The Huawei Ascend P6 has an impressive design but there are too many niggling issues elsewhere to recommend it.
Design & display
The Ascend P6 is one of the most striking Android phones we've reviewed this year. It's also very light at 120g so the size and weight compares very favourably against alternatives from more established brands.
The Ascend P6 feels pretty well constructed. There's some slight creaking when force is applied towards the bottom of the back panel, but otherwise, Huawei's attention to detail is notable.
We particularly like the way the speaker grill blends into the glossy bezel above the screen, while the split in the sides and the position of the rear camera are very iPhone-like.
The brushed aluminium finish on the back is both attractive and easy to grip, and it's also easy to keep clean.
The strange layout of ports is an annoyance, particularly the side mounted headphone jack on the left and the top-mounted micro-USB port.
The headphone jack in this position is very awkward, particularly when using headphones and trying to slip the phone into your pocket.
The battery is not removable, though the microSD card slot on the right side means you can expand the rather low 8GB of internal memory.
Also odd is the SIM and microSD-eject tool that doubles as a headphone jack cover. It's a nice idea, but it's so small you'll end up losing it and it's a little difficult to remove.

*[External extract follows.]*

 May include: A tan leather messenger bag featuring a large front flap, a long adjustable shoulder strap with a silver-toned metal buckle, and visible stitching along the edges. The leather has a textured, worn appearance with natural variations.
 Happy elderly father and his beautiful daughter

The power/lock screen button and the volume rocker on the right side of the phone also require a rather firm press to operate. The edges of the handset are also a little sharp.

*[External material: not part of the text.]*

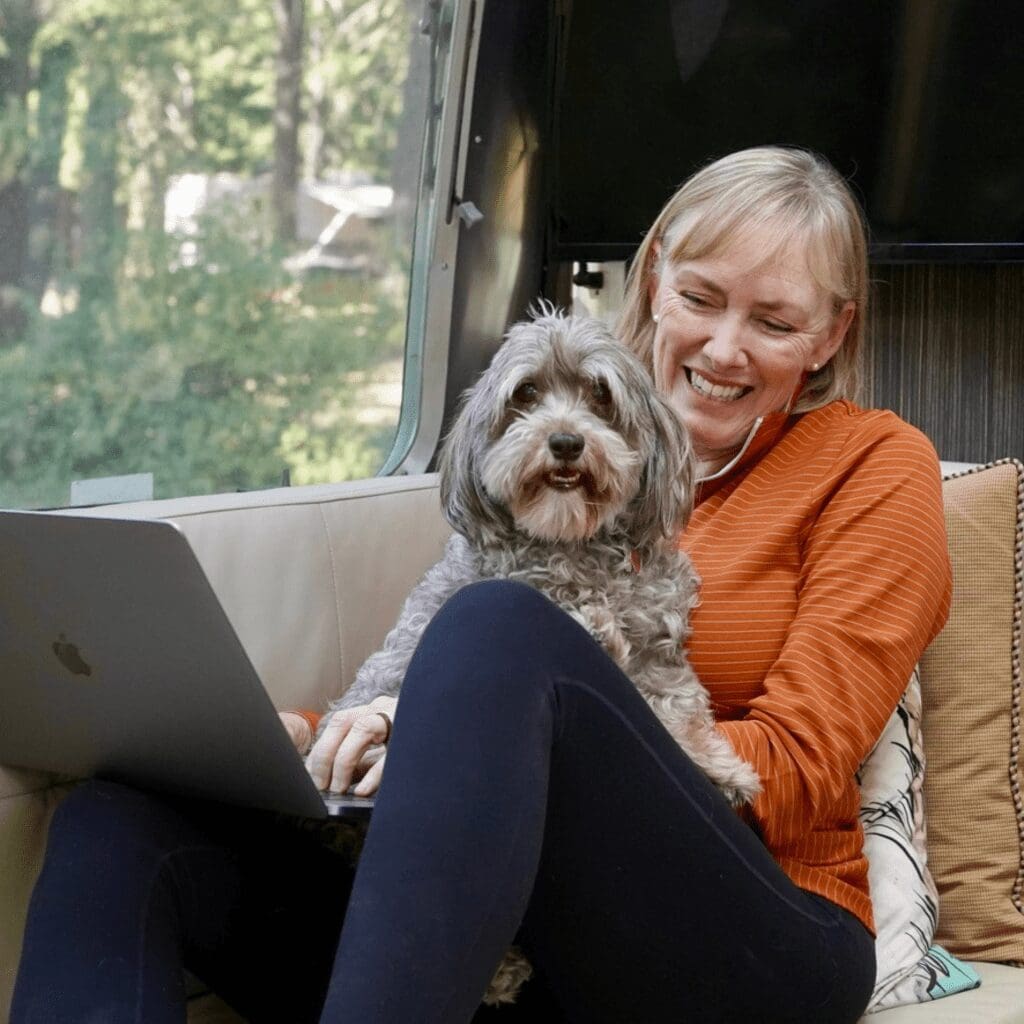A woman sitting on a couch with a computer and a gray dog in her lap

The Ascend P6 has a 4.7in display with a 720p resolution of 1280x720, so it can't display the same crisp text as full HD screens. However, the difference is pretty small and doesn't really detract from the overall user experience.
Viewing angles are excellent, colours are vibrant and the screen is bright, clear and responsive.
Software & performance
The Huawei Ascend P6 runs the Android 4.2 (Jelly Bean) operating system but is skinned with Huawei's Emotion UI.
The biggest change is the lack of Android's traditional app drawer, so all apps sit either on the home screens or in the dock.
We particularly dislike the skinned app icons, which place third-party app icons into a grey box.
Huawei has at least included a few useful features, headed by a range of notification panel shortcut toggles which can be customised.
You can also adjust the colour temperature of the screen, and select from three preset power settings in an attempt to save battery life.
There's also a permission manager that monitors any installed apps and can be set to display a notification when an app is attempting to access data.
The ability to change themes, customise specific sound profiles and choose from nine different home screen transitions when swiping between pages are other available features.
Annoyingly, the default Huawei keyboard is poor and is missing the ability to swipe through letters to draw a word.
The phone gets extremely warm on the right side, on the back. This is immediately evident when playing games, or using the camera for a long period.
The phone also has questionable performance, despite running Huawei's own-developed 1.5GHz quad-core processor and boasting a healthy looking 2GB of RAM.
While it's not a slow smartphone, the Ascend P6 lacks the speed and zip we are used to in a modern day Android phone. A number of apps crashing frequently without warning during our test period and we experienced lag in even the most basic places.
The lack of 4G is a big downside. We can't recommend anyone spending close to $500 on a smartphone without 4G, particularly if you live in one of Australia's capital cities where the coverage continues to improve and expand.
Camera & battery life
The Huawei Ascend P6 has an 8-megapixel rear facing camera with single LED flash. The position of the lens right in the corner isn't the best for cropping photos but the inclusion of an f2.0 aperture and a 4cm macro view are nice features.
The front-facing camera is also worth a look as it uses a 5-megapixel sensor. Most competing smartphones use a 2-megapixel front camera.
The Huawei Ascend P6's 2000mAh battery should get you through a full day of use, though heavy users may need to recharge before the end of the day. Given the handset lacks 4G capabilities, it's a little underwhelming.
The Huawei Ascend P6 is available now in Australia in black and white variants through retailers JB Hi-Fi and Dick Smith. It sells for $499 outright.